Some 21 US dairy, food and agricultural organizations on Wednesday asked US Trade Representative Robert Lighthizer to “deepen trade discussions” with the European Union (EU) in order to bring about WTO compliance and removal of EU retaliatory tariffs targeting US food and agricultural exports.

Last week, the EU imposed retaliatory tariffs worth $4 billion against the US in the long-running Boeing dispute. The tariffs include 25 percent additional duties on three tariff lines of cheese, as well as on certain milk protein products, as well as agricultural equipment, distilled spirits, potatoes, nuts, fruits, juices, chocolate and ketchup, among other products.

The letter to Lighthizer was led by Farmers for Free Trade and the Distilled Spirits Council of the United States, and was also signed by, among others, the International Dairy Foods Association, National Milk Producers Federation, US Dairy Export Council, American Farm Bureau Federation, National Council of Farmer Cooperatives, National Confectioners Association, North American Meat Institute, National Corn Growers Association, and American Soybean Association.

“We are writing today to urge you to continue engaging the EU to secure the removal of compensatory and retaliatory tariffs on American food and agricultural exporters and to address bilateral compliance matters,” the groups wrote in their letter to Lighthizer.

“In addition to these tariff concerns, many non-tariff barriers also impede US food and agricultural exports to the EU that merit resolution,” the letter continued.

The traditional US agricultural trade surplus “is in desperate need of new markets. Accordingly, protecting and expanding US food, beverage and agricultural exports to Europe should be a top priority,” the letter stated.
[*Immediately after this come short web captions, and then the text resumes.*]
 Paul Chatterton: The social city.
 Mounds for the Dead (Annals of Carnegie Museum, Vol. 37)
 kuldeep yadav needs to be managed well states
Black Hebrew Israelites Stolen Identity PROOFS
The EU first levied a 25 percent tariff on US food and agricultural exports, including US whiskey, sweet corn, orange juice, and rice, in June 2018 in response to US tariffs on steel and aluminum. The tariff on certain products will increase to 50 percent in June 2021, according to the letter.
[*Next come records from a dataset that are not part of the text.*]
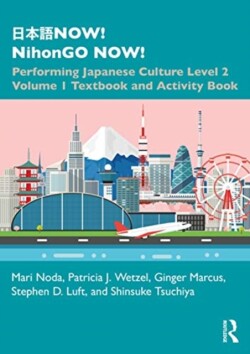 ???NOW! NihonGO NOW! Performing Japanese Culture - Level 2 Volume 1 Textbook and Activity Book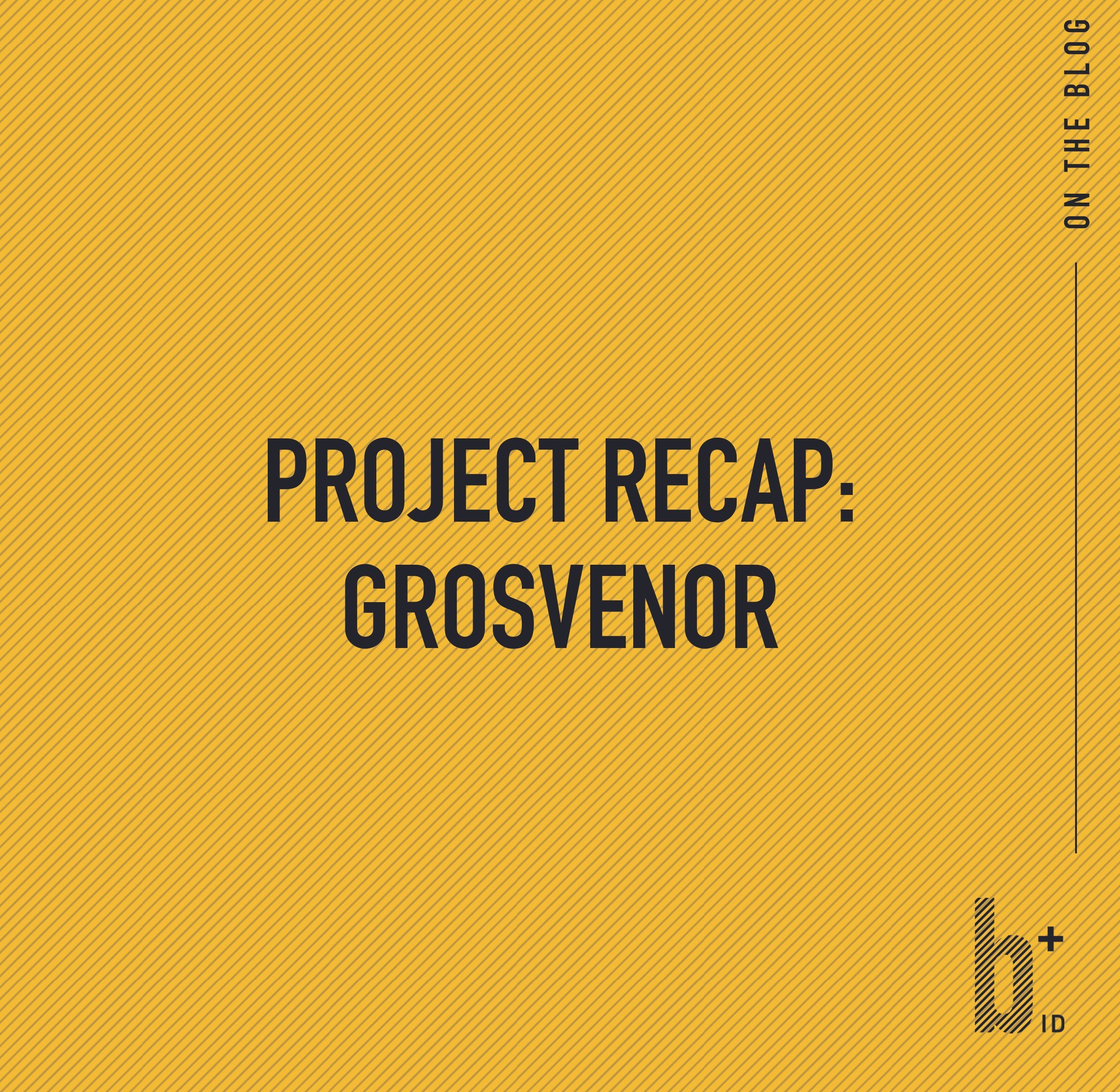 Grosvenor: Project Recap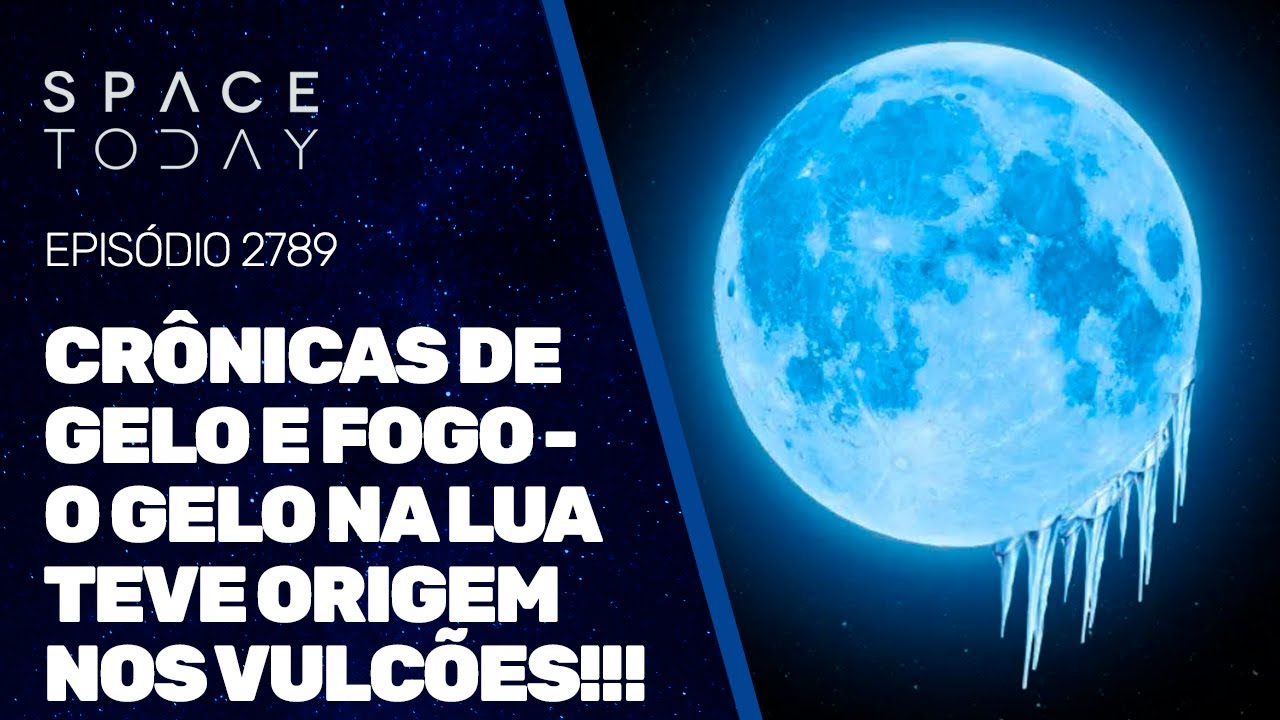CR&Ocirc;NICAS DE GELO E FOGO - O GELO NA LUA TEVE ORIGEM NOS VULC&Otilde;ES!!!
In October 2019, the US imposed tariffs on certain EU food and agriculutural exports, including cheese, butter, olive oil, pork, clams, distilled spirits and wines in connection with the long-running Airbus dispute, the letter pointed out. And then last week, the EU imposed tariffs on a wide range of US food and agricultural exports as a result of the Boeing dispute.
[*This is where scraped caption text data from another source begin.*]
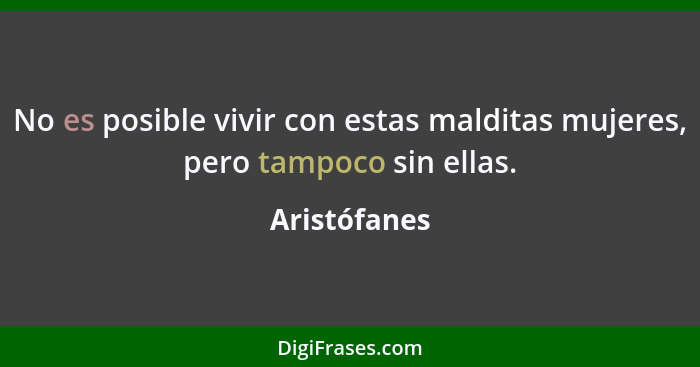 No es posible vivir con estas malditas mujeres, pero tampoco sin ellas.... - Aristófanes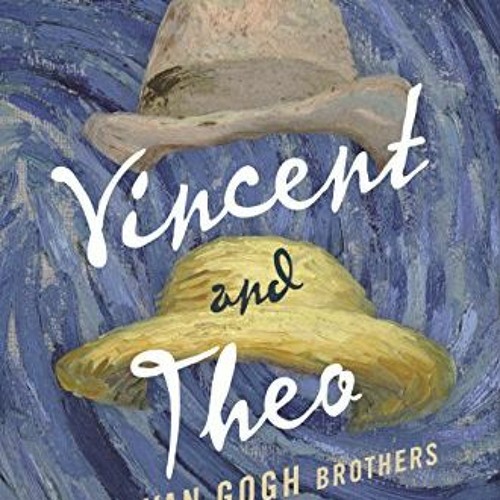 View [PDF EBOOK EPUB KINDLE] Vincent and Theo: The Van Gogh Brothers by  Deborah Heil
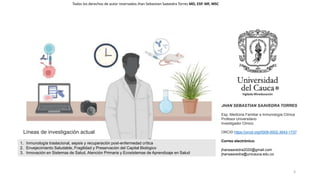 3
1. Inmunología traslacional, sepsis y recuperación post-enfermedad crítica
2. Envejecimiento Saludable, Fragilidad y Preservación del Capital Biológico
3. Innovación en Sistemas de Salud, Atención Primaria y Ecosistemas de Aprendizaje en Salud
Líneas de investigación actual
JHAN SEBASTIAN SAAVEDRA TORRES
Esp. Medicina Familiar e Inmunología Clínica
Profesor Universitario
Investigador Clínico
ORCID https://orcid.org/0009-0002-3643-1737
Correo electrónico:
jhansaavedra2020@gmail.com
jhansaavedra@unicauca.edu.co
Todos los derechos de autor reservados Jhan Sebastian Saavedra Torres MD, ESP. MF, MSC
“This escalation of tariffs on US food and agricultural exports will only further impact the competitiveness of our industries and erode important market share,” the letter said.

“Given existing disruptions to trade, the impact of COVID, and weather-related events that have hit farmers this year, American food and agriculture needs stability, predictability and the ability to grow exports,” the letter added.

“For these reasons, we strongly urge the US and EU to deepen trade discussions in order to bring about WTO compliance and therefore allow for the removal of tariffs to help unlock the opportunity for our producers to successfully access the European market,” the letter added.

“Concomitant with that goal, we also urge the uprooting of unfounded EU non-tariff barriers that impede the American food and agriculture sector’s ability to fully realize the potential opportunities in the EU.”

“Farmers are battling to stay above water and any new tariff in this time of crisis is a big concern,” said Brian Kuehl, co-executive director of Farmers for Free Trade. “We know these tariffs are part of a long legal battle but any time farmers become collateral damage is unacceptable.

“American farmers need stability and that means predictable exports into markets like the EU,” Kuehl continued. “We are urging this administration and the next one to double down on their efforts to resolve this dispute in a manner that frees our farmers from harmful tariffs.”

“The escalation of tariffs on the EU and US spirits industry is compounding the severe economic crisis distilleries, restaurants and bars are facing as a result of COVID-19,” said Robert Maron, vice president for international trade for the Distilled Spirits Council of the United States, who noted that American Whiskey exports to the EU have dropped by 41 percent since the EU’s 25 percent retaliatory tariff went into effect in June 2018. “We need the US and EU to get back to the negotiating table to immediately eliminate these tariffs to help protect hospitality jobs on both sides of the Atlantic.”